Фестиваль театр
В театре "Одеон" в рамках Осеннего парижского фестиваля показали спектакль испанки Анхелики Лидделл, переосмыслившей историю поругания Лукреции. О том, почему его не покажут в России, задумалась АЛЛА ШЕНДЕРОВА.
У испанки Анхелики Лидделл два диплома — драматурга и психолога. Театр, основанный ею с приятелем еще в 1993-м, называется Atra Bilis, то есть "черная желчь" — термин, придуманный Гиппократом для описания смеси меланхолии и склонности к суициду. Слово "самоубийство" и правда мелькает в названиях ее перформансов, замешанных на бунте против всех проявлений общественной сытости и восторге перед барочной живописью. В арсенале Лидделл — "Серебряный лев" Венецианской биеннале, множество драматургических премий, столько же откровенных фотосессий и неоднократное участие в Авиньонском фестивале — там ее впервые признали не только художником, но режиссером. В интервью Лидделл не зря часто поминает Антонена Арто — она прямая наследница его "Театра жестокости". Обнаженные тела, режущие их лезвия, букеты цветов, вырастающие из известных частей тела, английские булавки, застегнутые на живой коже,— вот лишь беглый перечень того, что бывает в ее спектаклях. В России она играла всего раз: в 2012-м фестиваль Solo включил в свою программу ее моноспектакль "Мое поражение сделает нас непобедимым" — там бесстрашная красавица Лидделл и застегивала булавки на своей голой груди.
Если переводить на русский не сюжет, а суть ее спектаклей, стоит вспомнить Иосифа Бродского, сказавшего о стихах Марины Цветаевой: "Голос колоссального неблагополучия". А еще можно вспомнить Чехова, предлагавшего вешать тревожный колокольчик над дверью каждого счастливого человека. Впрочем, когда смотришь "You are my Destiny", думаешь не об этом. Вспоминается старый анекдот: ну, во-первых, это красиво — на большой сцене "Одеона" Лидделл выстраивает точную копию стены Дворца дожей, подсветив, вернее, густо залив ее красным закатным светом.
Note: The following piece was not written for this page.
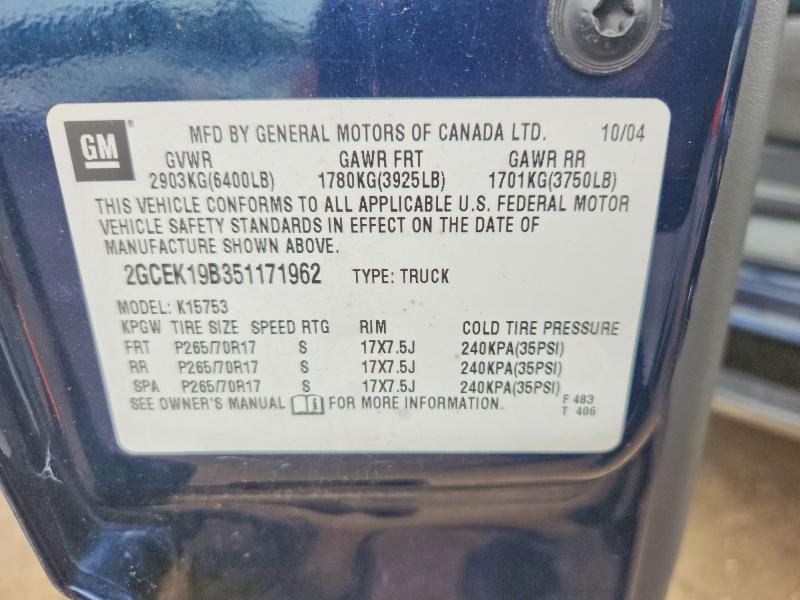 Продаж на аукціоні авто 2005 Chevrolet Silverado, vin: 2GCEK19B351171962, номер лоту: 54849766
Выйдя на авансцену в голубой бальной юбке и косухе, она зачитывает по бумажке предысторию: приехав в Венецию, заговорив с мужчиной, преследовавшим ее на опустевшей площади Дожей ("я гадала, насильник или убийца"), она вдруг по-новому осмыслила миф о Лукреции и Тарквинии — сюжет знаменитой картины венецианца Тициана. Тут в одном углу сцены появляется ее двойник (Лола Хименес), в другом — мужская фигура. А с галереи Дворца дожей украинский хор (Анатолий Ландар, Олексей Евдокимов, Михайло Литвиненко) затягивает протяжную песню.
Словом, "You are my Destiny" — грандиозный постдраматический коллаж, в котором сакральное остроумно смешано с профанным, а античность — с поп-артом. Ну да, госпожа Лидделл яростно спорит с мифом, утверждая, что история Тарквиния и Лукреции не сюжет об изнасиловании добродетельной жены беспутным тираном, а пример фатальной любви, ведущей к смерти. Но главное в этом роскошном, хотя и затянутом на русский вкус представлении — не новая трактовка, а фантастическая легкость, с которой Лидделл соединяет крайности, обнажает полдюжины мужчин, заставляя их то до изнеможения бить в барабан, то по очереди тискать голую Лукрецию, сама же лихо, как на дискотеке, отплясывает на гроздьях винограда (причем под барочную музыку), целует крест и с той же нежностью касается губами горлышка бутылки с пивом, склоняет голову, слушая "Ах ты, степь широкая..." — и врубает хит Пола Анки "You are my Destiny".
Когда уже после поклонов ненасытная Лидделл устраивает короткий стриптиз, а зал, собравшийся бежать в гардероб, моментально садится и затихает, думаешь не только о вежливости французской публики, но о европейском театре, все дальше уходящем от линейного сюжета и нарратива. И о нашем русском театре, где спектаклей Лидделл в ближайшее время не покажут. Не потому, что она осмеливается назвать Лукрецию "грязной ...", а в финале срывает с себя трусы и бросает в публику. А потому, что она непозволительно свободна. Ну что ж, перефразируя название ее спектакля, это наша судьба.